[THE PROBLEM]:
Copy the listing exactly, leaving out every picture.

[ENTRIES PROVIDED]:
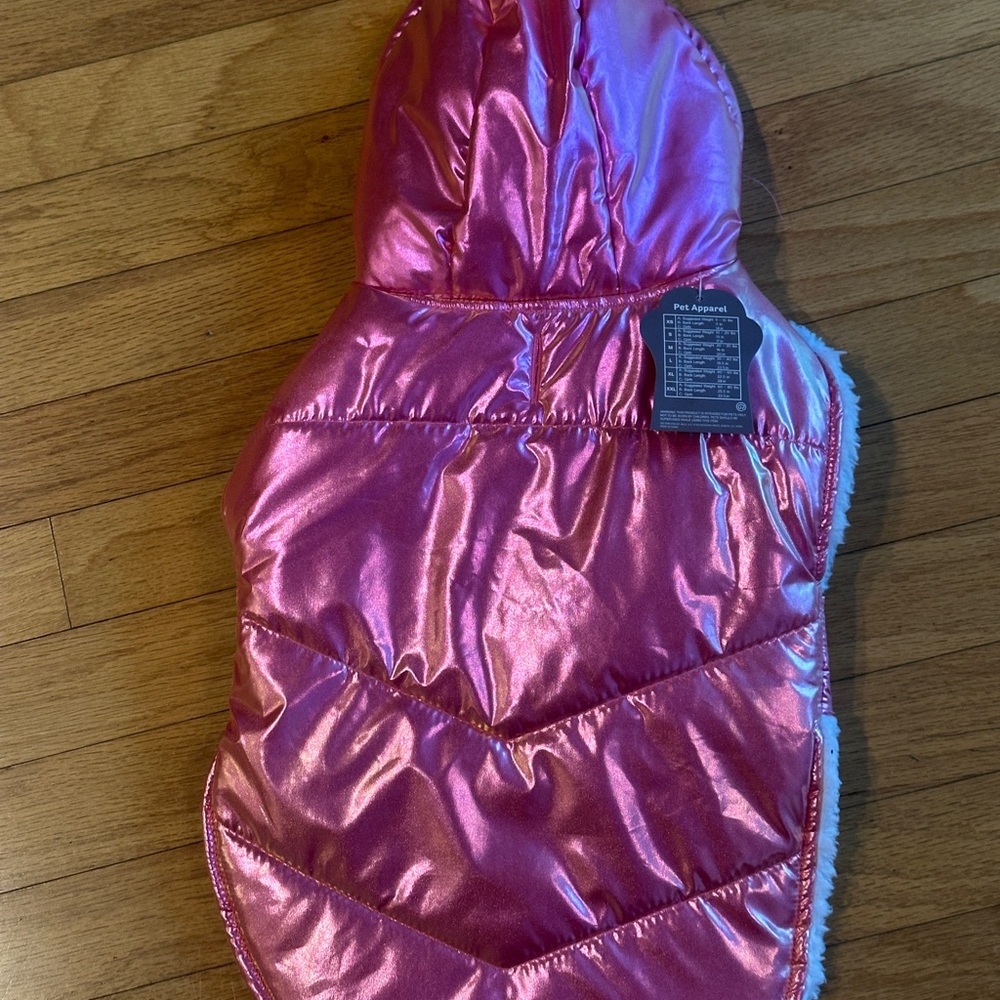Dog Pink Puffer Jacket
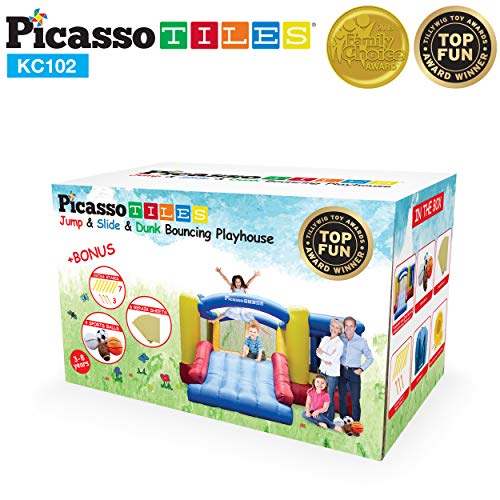 PicassoTiles Upgrade Version KC102 12x10 Foot Inflatable Bouncer...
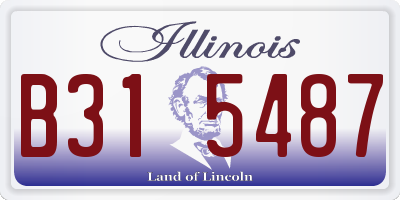 IL license plate B315487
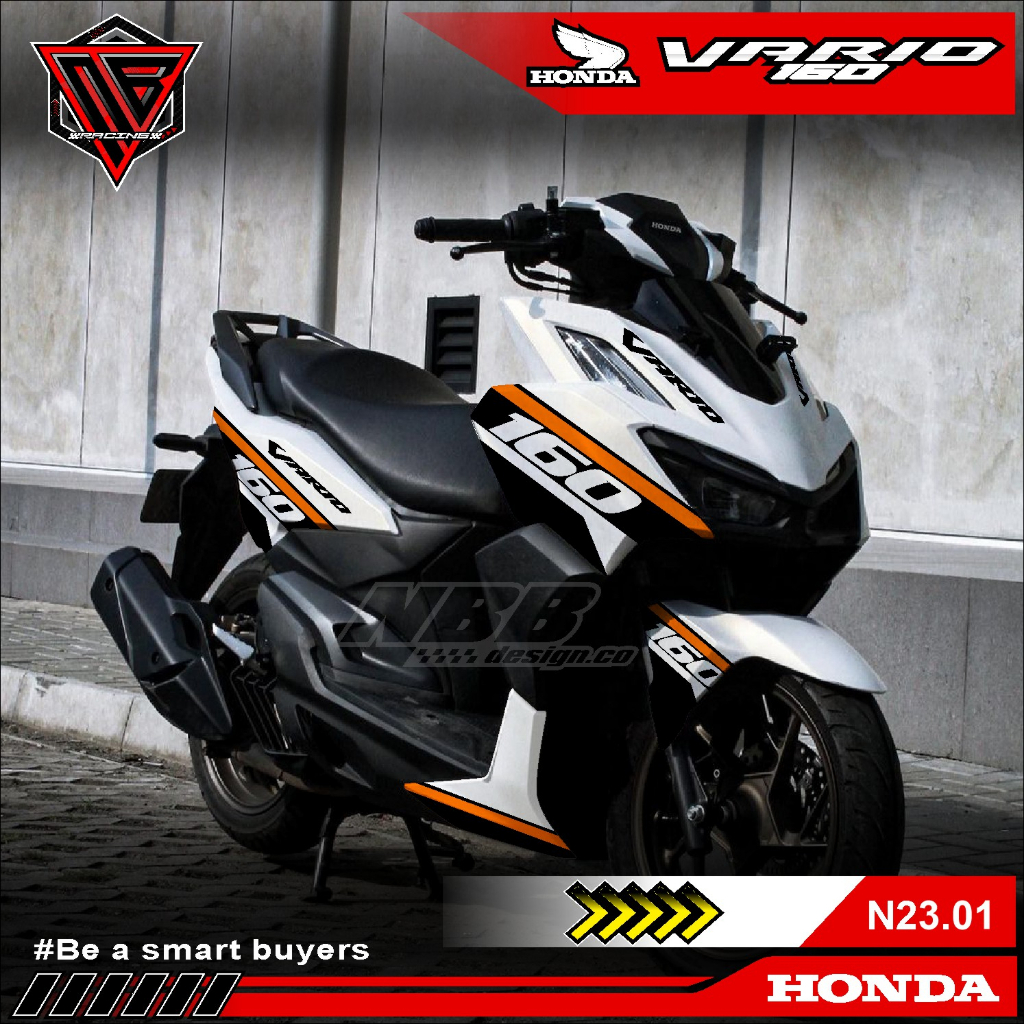 Decal Sticker Honda Vario 160 2022 Fullbody Fullblock Motif Simple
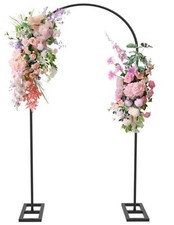 Queension Arch Backdrop Stand - Metal Wedding  Party Arch Frame 6.6FT Black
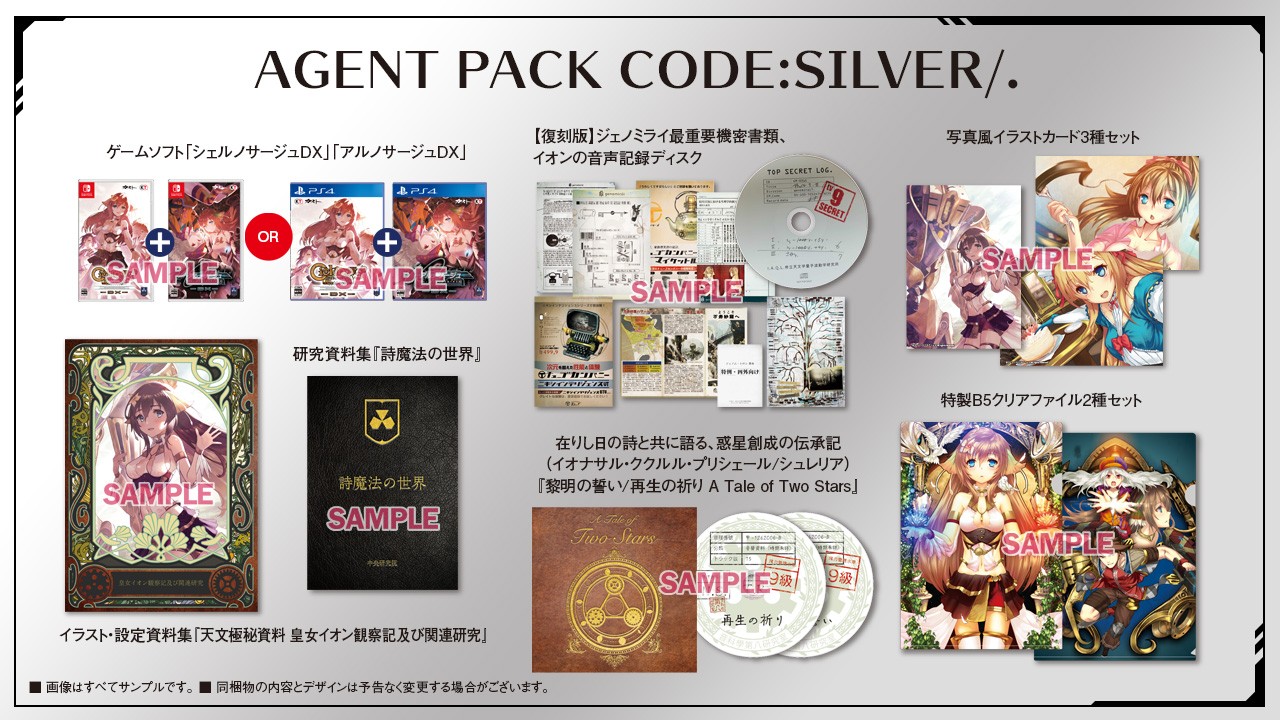 PS4 Surge Concerto DX Agent Pack Code: Silver Limited Edition Japan Game Sealed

[ANSWER AREA]:
Dog Pink Puffer Jacket
 PicassoTiles Upgrade Version KC102 12x10 Foot Inflatable Bouncer...
 IL license plate B315487
 Decal Sticker Honda Vario 160 2022 Fullbody Fullblock Motif Simple
 Queension Arch Backdrop Stand - Metal Wedding  Party Arch Frame 6.6FT Black
 PS4 Surge Concerto DX Agent Pack Code: Silver Limited Edition Japan Game Sealed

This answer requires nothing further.